◆ TO DO:
Write out an exact copy of the line with "Retro Surf Van" and of each line after it, through the end of the records below.

◆ SOURCE MATERIAL:

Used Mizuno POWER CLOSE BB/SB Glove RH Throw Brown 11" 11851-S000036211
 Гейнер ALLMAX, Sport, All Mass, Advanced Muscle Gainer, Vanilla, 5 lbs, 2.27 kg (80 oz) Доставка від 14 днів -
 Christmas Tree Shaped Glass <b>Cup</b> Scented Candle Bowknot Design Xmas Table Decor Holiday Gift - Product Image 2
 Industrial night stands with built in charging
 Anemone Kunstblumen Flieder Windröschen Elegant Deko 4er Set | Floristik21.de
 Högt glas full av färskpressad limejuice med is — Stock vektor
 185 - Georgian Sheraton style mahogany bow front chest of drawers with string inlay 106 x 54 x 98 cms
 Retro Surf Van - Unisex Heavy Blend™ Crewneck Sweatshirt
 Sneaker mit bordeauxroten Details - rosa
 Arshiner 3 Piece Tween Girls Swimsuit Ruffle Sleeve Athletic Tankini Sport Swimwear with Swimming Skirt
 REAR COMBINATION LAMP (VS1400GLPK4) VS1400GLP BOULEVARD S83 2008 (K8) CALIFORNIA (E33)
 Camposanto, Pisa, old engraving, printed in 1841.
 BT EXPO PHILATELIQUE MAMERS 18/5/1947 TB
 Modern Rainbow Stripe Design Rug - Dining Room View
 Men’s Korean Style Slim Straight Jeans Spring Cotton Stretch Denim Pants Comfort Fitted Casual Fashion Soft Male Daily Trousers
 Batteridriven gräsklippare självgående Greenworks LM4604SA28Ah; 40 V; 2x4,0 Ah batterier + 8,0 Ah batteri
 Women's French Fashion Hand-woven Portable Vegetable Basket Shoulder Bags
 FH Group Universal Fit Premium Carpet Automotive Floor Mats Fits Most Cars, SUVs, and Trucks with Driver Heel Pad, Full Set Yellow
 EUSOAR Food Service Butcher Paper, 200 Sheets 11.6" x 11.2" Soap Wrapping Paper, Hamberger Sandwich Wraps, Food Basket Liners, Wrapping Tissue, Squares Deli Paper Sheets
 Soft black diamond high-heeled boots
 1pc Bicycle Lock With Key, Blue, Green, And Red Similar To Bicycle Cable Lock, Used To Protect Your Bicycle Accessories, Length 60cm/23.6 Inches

◆ THE ANSWER:
 Retro Surf Van - Unisex Heavy Blend™ Crewneck Sweatshirt
 Sneaker mit bordeauxroten Details - rosa
 Arshiner 3 Piece Tween Girls Swimsuit Ruffle Sleeve Athletic Tankini Sport Swimwear with Swimming Skirt
 REAR COMBINATION LAMP (VS1400GLPK4) VS1400GLP BOULEVARD S83 2008 (K8) CALIFORNIA (E33)
 Camposanto, Pisa, old engraving, printed in 1841.
 BT EXPO PHILATELIQUE MAMERS 18/5/1947 TB
 Modern Rainbow Stripe Design Rug - Dining Room View
 Men’s Korean Style Slim Straight Jeans Spring Cotton Stretch Denim Pants Comfort Fitted Casual Fashion Soft Male Daily Trousers
 Batteridriven gräsklippare självgående Greenworks LM4604SA28Ah; 40 V; 2x4,0 Ah batterier + 8,0 Ah batteri
 Women's French Fashion Hand-woven Portable Vegetable Basket Shoulder Bags
 FH Group Universal Fit Premium Carpet Automotive Floor Mats Fits Most Cars, SUVs, and Trucks with Driver Heel Pad, Full Set Yellow
 EUSOAR Food Service Butcher Paper, 200 Sheets 11.6" x 11.2" Soap Wrapping Paper, Hamberger Sandwich Wraps, Food Basket Liners, Wrapping Tissue, Squares Deli Paper Sheets
 Soft black diamond high-heeled boots
 1pc Bicycle Lock With Key, Blue, Green, And Red Similar To Bicycle Cable Lock, Used To Protect Your Bicycle Accessories, Length 60cm/23.6 Inches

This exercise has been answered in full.